At its core, Cheney’s algorithm is a breadth‑first copying collector that operates on a semispace model: the heap is split into two equal halves, called from‑space and to‑space. Only one semispace is active for allocation; the other is reserved for the next collection cycle.

The Semispace Model

  1. Allocation Region – All new objects are allocated linearly in the active semispace (the from‑space) using a simple bump pointer.
  2. Collection Trigger – When the bump pointer reaches the end of from‑space, a collection is started.
  3. Swap – After the collection finishes, the roles of the two semispaces are swapped: the former to‑space becomes the new from‑space and vice‑versa.

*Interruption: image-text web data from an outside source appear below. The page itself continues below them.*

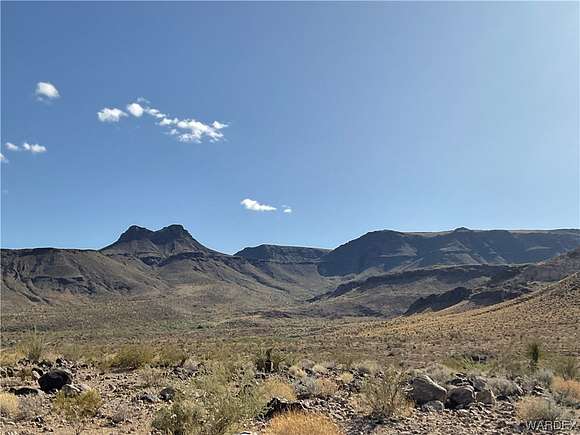 7.6 Acres of Land for Sale in Golden Valley, Arizona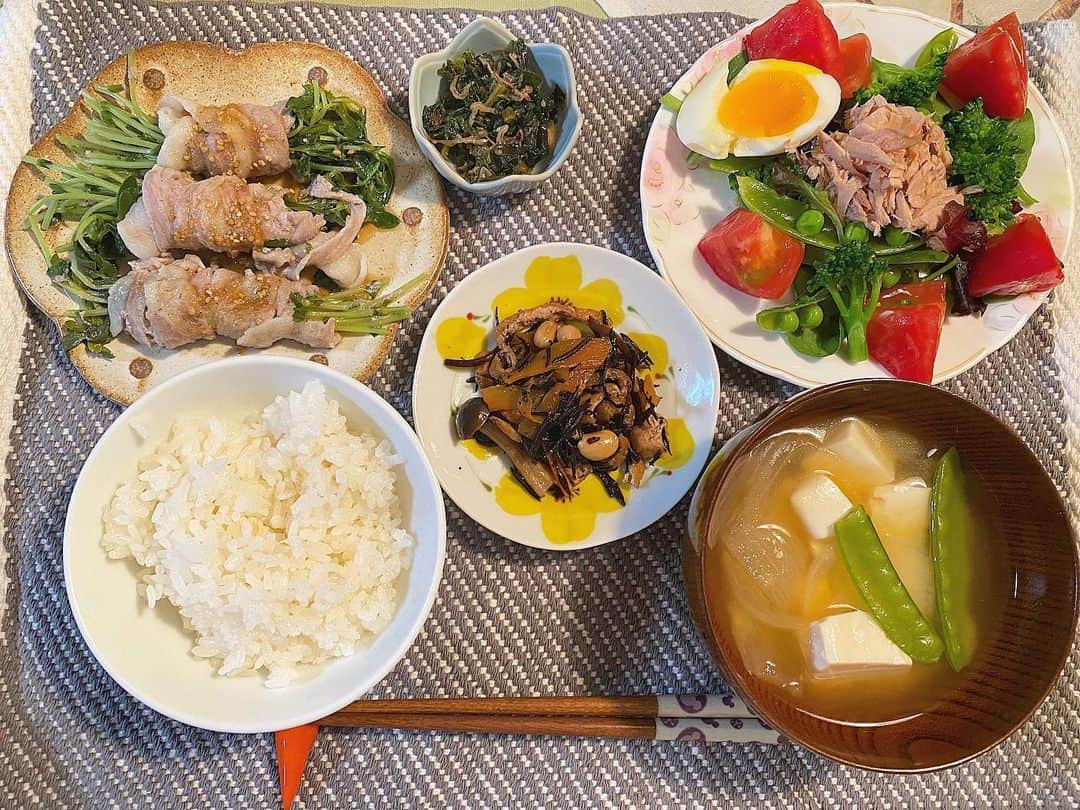 篠崎彩奈さんのインスタグラム写真 - (篠崎彩奈Instagram)「今日のご飯は和食です🍚 ・サラダ ・豆苗の肉巻き ・ひじき ・お味噌汁 ・大根の葉とじゃこの和え物 #おうちご飯 #自炊 #おうち時間 #和食」5月21日 20時50分 - ayana.s_official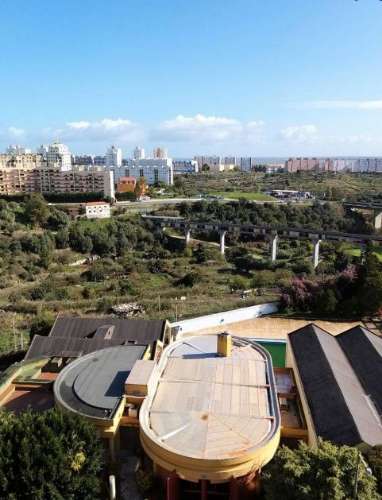 ESCRITÓRIO - OLAIAS, 95 m2 em open space, junto ao metro!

This model eliminates fragmentation within a semispace because objects are always packed tightly during copying. The trade‑off is that the usable heap size is effectively halved.

The Copy Phase

The copy phase proceeds in three tightly coupled steps:

  1. Root Scanning – All root references (stack slots, registers, global variables) are examined. Each root pointing into from‑space is forwarded to a newly allocated copy in to‑space. The root is then updated to point at the new location.
  2. Worklist Traversal – Cheney uses a single worklist pointer, often called scan. It starts at the beginning of to‑space and walks forward. For each object it encounters, it scans the object’s fields; any field that references from‑space is copied to the end of to‑space (the free pointer) and the field is updated to the new address.
  3. Termination – When scan catches up to free, every reachable object has been copied and the algorithm terminates.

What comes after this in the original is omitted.